## ASSIGNMENT
In the entries below, find the line containing "Four Bedroom Family Home - Photo 4" and the line containing "Acto de celebración". Copy those two lines and everything between them exactly, and only that.

=======

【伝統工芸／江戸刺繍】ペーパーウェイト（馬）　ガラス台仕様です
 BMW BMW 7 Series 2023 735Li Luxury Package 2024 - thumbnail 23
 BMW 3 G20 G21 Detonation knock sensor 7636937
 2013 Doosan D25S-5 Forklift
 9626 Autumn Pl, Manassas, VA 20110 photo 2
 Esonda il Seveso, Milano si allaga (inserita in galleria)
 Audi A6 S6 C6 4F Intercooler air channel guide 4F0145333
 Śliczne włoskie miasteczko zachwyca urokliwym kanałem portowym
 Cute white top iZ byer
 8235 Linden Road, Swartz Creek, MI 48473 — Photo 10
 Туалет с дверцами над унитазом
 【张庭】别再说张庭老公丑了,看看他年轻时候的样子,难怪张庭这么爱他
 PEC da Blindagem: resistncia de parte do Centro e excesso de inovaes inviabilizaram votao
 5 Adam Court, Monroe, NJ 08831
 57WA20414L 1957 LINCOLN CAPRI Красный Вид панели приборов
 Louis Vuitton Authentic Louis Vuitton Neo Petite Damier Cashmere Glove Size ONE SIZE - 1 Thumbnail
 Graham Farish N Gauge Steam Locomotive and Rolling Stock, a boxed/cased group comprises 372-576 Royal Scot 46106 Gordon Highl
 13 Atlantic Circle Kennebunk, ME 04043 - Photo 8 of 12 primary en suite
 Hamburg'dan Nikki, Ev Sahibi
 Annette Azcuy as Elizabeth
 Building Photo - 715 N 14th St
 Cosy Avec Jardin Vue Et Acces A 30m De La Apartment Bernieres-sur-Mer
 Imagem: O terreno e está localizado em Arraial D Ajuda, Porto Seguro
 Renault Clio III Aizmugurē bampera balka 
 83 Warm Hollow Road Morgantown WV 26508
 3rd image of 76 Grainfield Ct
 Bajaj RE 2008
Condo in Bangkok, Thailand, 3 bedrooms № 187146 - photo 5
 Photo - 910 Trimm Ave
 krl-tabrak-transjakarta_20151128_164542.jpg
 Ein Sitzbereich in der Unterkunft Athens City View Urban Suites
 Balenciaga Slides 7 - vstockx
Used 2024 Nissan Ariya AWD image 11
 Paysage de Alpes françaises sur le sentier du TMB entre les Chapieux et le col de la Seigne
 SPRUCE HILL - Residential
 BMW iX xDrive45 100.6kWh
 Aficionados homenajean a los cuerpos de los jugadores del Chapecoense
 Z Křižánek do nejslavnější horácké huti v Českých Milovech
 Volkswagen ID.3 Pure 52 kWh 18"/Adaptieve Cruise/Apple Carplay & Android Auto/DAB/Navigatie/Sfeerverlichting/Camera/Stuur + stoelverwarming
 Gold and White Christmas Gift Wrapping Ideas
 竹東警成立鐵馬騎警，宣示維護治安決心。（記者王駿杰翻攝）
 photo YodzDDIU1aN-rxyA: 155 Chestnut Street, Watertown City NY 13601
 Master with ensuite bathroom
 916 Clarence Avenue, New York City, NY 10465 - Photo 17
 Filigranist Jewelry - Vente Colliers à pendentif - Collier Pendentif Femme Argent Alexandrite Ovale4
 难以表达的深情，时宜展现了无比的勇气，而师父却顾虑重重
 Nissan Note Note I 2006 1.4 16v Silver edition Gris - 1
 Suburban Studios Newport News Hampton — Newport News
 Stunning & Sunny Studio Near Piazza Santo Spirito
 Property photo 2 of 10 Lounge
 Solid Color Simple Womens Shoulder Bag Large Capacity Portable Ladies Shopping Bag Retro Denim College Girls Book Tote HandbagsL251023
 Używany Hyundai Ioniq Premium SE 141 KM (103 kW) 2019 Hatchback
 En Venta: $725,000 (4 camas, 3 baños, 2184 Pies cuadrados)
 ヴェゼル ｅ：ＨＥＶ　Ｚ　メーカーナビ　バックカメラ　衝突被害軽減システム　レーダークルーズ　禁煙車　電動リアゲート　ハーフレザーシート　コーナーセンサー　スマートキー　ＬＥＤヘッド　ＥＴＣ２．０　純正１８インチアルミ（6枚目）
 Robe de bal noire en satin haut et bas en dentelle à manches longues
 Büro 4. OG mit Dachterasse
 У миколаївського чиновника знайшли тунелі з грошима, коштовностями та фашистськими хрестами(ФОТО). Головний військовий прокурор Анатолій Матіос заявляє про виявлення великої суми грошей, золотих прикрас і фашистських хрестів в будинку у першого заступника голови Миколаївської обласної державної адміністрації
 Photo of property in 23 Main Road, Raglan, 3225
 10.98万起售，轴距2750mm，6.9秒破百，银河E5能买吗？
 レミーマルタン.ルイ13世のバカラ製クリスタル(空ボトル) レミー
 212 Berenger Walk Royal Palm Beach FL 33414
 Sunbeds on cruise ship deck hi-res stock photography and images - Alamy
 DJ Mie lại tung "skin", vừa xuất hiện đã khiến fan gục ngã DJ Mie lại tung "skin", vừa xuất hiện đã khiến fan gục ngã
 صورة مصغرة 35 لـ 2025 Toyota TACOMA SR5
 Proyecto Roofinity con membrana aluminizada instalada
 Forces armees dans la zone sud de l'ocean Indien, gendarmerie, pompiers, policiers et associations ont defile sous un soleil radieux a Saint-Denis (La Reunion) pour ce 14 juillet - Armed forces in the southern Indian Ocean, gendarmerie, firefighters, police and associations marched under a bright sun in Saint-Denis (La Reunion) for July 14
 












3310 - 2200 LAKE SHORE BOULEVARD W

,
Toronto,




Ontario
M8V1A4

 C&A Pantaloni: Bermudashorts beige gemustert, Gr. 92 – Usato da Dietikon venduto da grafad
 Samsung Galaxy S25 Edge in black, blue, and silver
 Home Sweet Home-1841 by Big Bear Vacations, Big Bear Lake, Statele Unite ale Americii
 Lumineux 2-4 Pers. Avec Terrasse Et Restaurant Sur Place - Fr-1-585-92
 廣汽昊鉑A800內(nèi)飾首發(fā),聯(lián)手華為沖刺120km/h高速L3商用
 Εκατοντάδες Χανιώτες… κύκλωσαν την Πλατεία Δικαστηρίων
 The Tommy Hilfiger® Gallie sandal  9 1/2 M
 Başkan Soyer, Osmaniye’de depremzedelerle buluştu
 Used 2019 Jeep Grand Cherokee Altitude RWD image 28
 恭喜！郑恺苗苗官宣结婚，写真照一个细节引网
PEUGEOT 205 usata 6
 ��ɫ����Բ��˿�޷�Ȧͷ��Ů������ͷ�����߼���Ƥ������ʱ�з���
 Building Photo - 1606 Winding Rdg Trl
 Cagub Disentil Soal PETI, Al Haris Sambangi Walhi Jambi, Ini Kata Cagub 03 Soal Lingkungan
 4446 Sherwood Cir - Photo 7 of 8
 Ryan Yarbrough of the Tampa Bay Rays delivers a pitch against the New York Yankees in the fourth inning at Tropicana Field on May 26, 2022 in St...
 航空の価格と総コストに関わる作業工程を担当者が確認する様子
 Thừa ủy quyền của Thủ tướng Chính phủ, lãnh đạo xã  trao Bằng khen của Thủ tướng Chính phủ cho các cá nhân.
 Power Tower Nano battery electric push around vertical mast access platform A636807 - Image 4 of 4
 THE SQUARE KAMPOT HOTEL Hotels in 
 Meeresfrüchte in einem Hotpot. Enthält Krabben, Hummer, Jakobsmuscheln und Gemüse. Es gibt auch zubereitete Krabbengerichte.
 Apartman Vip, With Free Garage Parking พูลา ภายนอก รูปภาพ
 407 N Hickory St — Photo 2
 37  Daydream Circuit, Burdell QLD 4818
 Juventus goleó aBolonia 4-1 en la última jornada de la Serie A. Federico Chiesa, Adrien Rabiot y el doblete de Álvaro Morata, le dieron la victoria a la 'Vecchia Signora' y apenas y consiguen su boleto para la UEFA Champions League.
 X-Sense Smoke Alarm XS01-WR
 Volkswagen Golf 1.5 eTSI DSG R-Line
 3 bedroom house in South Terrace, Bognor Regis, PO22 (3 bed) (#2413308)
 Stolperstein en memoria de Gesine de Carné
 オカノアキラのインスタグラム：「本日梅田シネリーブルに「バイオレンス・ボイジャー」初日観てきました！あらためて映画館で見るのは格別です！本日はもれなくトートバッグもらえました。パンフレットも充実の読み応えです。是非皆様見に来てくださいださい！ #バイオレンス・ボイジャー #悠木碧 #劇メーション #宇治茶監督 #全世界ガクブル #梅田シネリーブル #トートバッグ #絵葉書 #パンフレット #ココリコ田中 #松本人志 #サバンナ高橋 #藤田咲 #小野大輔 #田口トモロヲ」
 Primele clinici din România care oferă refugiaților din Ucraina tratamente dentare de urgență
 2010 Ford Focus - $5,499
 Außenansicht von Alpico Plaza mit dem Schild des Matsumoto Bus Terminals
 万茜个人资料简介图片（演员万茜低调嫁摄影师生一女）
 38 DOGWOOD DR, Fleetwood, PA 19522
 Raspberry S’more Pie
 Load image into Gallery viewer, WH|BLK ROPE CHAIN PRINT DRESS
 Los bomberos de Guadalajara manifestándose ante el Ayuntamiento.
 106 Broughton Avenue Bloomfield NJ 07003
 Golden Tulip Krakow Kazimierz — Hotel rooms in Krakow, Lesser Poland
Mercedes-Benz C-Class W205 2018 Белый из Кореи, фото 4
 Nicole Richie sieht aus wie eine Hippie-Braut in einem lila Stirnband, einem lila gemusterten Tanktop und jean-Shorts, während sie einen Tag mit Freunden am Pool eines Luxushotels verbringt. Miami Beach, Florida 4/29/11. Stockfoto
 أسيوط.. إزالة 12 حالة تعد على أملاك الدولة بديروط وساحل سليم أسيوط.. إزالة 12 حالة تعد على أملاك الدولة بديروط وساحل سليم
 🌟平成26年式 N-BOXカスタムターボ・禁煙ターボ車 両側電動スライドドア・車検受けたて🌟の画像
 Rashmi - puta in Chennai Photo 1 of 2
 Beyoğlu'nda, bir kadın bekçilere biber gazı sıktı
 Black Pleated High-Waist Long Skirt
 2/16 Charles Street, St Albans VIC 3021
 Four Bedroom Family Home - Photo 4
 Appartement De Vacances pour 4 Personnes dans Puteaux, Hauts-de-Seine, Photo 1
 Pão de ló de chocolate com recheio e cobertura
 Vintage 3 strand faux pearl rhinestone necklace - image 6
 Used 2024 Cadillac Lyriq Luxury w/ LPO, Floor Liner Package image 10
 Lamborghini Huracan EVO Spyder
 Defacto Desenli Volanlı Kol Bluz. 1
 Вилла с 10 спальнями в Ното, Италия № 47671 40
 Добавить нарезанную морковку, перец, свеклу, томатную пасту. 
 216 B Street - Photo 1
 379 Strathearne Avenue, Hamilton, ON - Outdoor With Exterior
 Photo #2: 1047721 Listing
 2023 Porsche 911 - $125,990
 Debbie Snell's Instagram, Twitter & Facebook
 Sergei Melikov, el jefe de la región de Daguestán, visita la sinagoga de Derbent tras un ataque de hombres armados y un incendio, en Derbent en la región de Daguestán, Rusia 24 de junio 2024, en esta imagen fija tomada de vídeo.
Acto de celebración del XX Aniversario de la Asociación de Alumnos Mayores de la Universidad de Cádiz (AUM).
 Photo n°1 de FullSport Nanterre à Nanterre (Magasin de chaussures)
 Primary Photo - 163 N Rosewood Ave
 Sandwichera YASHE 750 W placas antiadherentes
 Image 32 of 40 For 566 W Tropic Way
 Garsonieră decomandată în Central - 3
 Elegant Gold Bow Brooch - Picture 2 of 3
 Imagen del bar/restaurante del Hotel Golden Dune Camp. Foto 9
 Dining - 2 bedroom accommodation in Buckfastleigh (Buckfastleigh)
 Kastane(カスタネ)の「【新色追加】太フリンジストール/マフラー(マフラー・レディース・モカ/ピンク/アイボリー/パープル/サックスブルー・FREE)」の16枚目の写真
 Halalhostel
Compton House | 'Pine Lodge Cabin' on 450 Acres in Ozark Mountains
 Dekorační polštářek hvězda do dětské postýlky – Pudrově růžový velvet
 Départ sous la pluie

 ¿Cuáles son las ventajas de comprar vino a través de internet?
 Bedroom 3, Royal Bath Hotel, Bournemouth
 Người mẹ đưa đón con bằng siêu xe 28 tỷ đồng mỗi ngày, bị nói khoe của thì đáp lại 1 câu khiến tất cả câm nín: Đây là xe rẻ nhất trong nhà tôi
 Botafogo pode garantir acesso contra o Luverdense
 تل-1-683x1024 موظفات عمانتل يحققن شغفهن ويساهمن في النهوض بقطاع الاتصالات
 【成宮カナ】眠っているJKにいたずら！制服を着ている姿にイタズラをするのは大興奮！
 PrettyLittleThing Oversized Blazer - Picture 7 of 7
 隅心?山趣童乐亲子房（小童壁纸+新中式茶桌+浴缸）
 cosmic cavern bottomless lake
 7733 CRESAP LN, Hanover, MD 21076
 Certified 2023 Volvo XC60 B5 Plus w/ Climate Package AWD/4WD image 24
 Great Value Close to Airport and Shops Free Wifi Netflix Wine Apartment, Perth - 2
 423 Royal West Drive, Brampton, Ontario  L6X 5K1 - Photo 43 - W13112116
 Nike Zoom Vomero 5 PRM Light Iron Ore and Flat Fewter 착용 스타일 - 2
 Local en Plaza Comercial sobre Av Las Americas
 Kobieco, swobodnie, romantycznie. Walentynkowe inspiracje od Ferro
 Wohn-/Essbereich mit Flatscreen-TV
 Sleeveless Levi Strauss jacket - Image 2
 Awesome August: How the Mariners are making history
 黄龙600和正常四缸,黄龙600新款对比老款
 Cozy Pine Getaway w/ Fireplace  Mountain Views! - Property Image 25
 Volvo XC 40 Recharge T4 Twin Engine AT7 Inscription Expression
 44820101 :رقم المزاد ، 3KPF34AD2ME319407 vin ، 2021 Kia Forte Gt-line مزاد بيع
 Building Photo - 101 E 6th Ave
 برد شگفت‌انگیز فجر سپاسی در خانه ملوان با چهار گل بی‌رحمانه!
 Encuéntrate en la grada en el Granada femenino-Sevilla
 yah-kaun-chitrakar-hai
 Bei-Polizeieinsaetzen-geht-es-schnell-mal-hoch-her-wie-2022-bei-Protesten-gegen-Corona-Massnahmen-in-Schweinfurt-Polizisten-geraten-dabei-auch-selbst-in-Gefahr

=======

## FINAL ANSWER
 Four Bedroom Family Home - Photo 4
 Appartement De Vacances pour 4 Personnes dans Puteaux, Hauts-de-Seine, Photo 1
 Pão de ló de chocolate com recheio e cobertura
 Vintage 3 strand faux pearl rhinestone necklace - image 6
 Used 2024 Cadillac Lyriq Luxury w/ LPO, Floor Liner Package image 10
 Lamborghini Huracan EVO Spyder
 Defacto Desenli Volanlı Kol Bluz. 1
 Вилла с 10 спальнями в Ното, Италия № 47671 40
 Добавить нарезанную морковку, перец, свеклу, томатную пасту. 
 216 B Street - Photo 1
 379 Strathearne Avenue, Hamilton, ON - Outdoor With Exterior
 Photo #2: 1047721 Listing
 2023 Porsche 911 - $125,990
 Debbie Snell's Instagram, Twitter & Facebook
 Sergei Melikov, el jefe de la región de Daguestán, visita la sinagoga de Derbent tras un ataque de hombres armados y un incendio, en Derbent en la región de Daguestán, Rusia 24 de junio 2024, en esta imagen fija tomada de vídeo.
Acto de celebración del XX Aniversario de la Asociación de Alumnos Mayores de la Universidad de Cádiz (AUM).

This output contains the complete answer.